F-Test for Linear Constraints
Theorem
If \(\text{rank}(X) = p\), \(\text{rank}(R) = q\), and \(\varepsilon \sim N(0, \sigma^2 I_n)\), then under \(H_0: R\beta = 0\):
\[F = \frac{n-p}{q} \cdot \frac{SSR_c - SSR}{SSR} \sim F(q, n-p)\]
where:
- \(SSR\): sum of squares of residuals in the unconstrained model
- \(SSR_c\): sum of squares of residuals in the constrained model satisfying \(R\beta = 0\)
Proof
1. Setup and Key Spaces
Define the following spaces:
- \(V = [X] \subseteq \mathbb{R}^n\) (column space of \(X\))
- \(V_0 = \{X\beta : R\beta = 0\} = X(\text{Ker}(R))\) (constrained subspace)
Since \(\text{rank}(X) = p\) and \(\text{rank}(R) = q\):
- By rank-nullity theorem: \(\dim(\text{Ker}(R)) = p - q\)
- Since \(X\) has full column rank, the map \(\beta \mapsto X\beta\) is injective
- Therefore: \(\dim(V_0) = \dim(X(\text{Ker}(R))) = \dim(\text{Ker}(R)) = p - q\)
- Also: \(\dim(V) = p\)
2. Orthogonal Decomposition
Since \(V_0 \subseteq V\), we can decompose \(V\) as: \[V = V_0 \oplus V_0^{\perp_V}\]

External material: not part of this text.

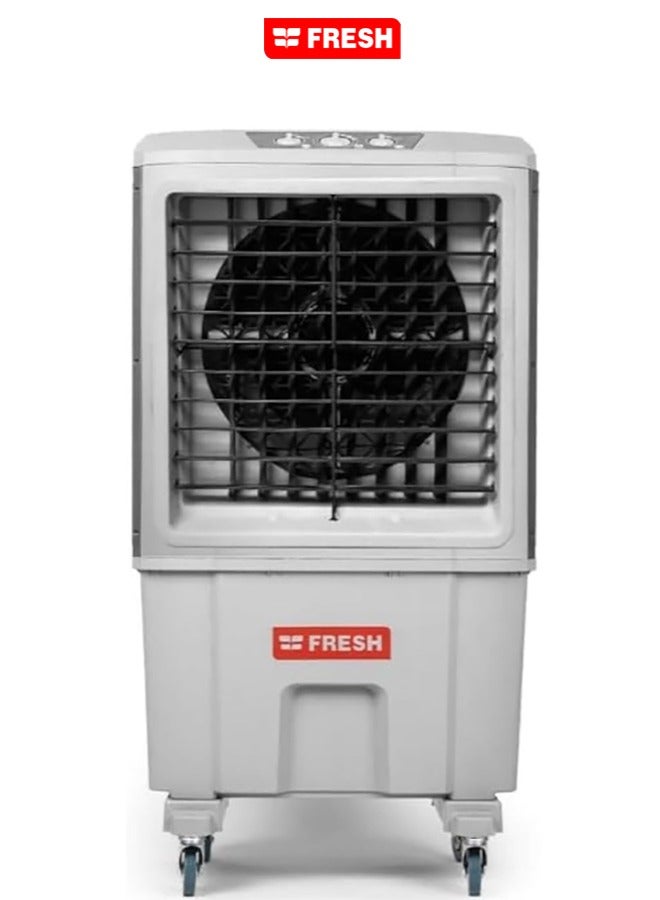 Fresh خزان مياه سعة 90 لتر كبير ذكي محمول | لون أبيض رمادي | FA-M80WG - Image 1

where \(V_0^{\perp_V}\) is the orthogonal complement of \(V_0\) within \(V\), with: \[\dim(V_0^{\perp_V}) = \dim(V) - \dim(V_0) = p - (p-q) = q\]
3. Projection Operators
- \(\hat{y} = P_V y\) is the projection of \(y\) onto \(V\) (unconstrained fit)

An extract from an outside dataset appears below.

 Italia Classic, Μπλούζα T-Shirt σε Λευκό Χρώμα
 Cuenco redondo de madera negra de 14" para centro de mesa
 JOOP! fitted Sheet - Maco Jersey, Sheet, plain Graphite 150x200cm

- \(\hat{y}_c = P_{V_0} y\) is the projection of \(y\) onto \(V_0\) (constrained fit)
4. Decomposition of SSR Difference
Since \(V_0 \subseteq V\), we have \(\hat{y}_c \in V\), and by the Pythagorean theorem: \[\|y - \hat{y}_c\|^2 = \|y - \hat{y}\|^2 + \|\hat{y} - \hat{y}_c\|^2\]
This gives us: \[SSR_c = SSR + \|\hat{y} - \hat{y}_c\|^2\]
Since \(\hat{y} - \hat{y}_c = P_V y - P_{V_0} y = P_{V_0^{\perp_V}} y\): \[SSR_c - SSR = \|P_{V_0^{\perp_V}} y\|^2\]
5. Distribution Under \(H_0\)
Under \(H_0: R\beta = 0\), we have \(\mathbb{E}[y] = X\beta \in V_0\), which implies: - \(P_{V_0} \mathbb{E}[y] = X\beta\) - \(P_{V_0^{\perp_V}} \mathbb{E}[y] = 0\)
Since \(y = X\beta + \varepsilon\) with \(\varepsilon \sim N(0, \sigma^2 I_n)\):
For the numerator: \[P_{V_0^{\perp_V}} y = P_{V_0^{\perp_V}} \varepsilon \sim N(0, \sigma^2 P_{V_0^{\perp_V}})\]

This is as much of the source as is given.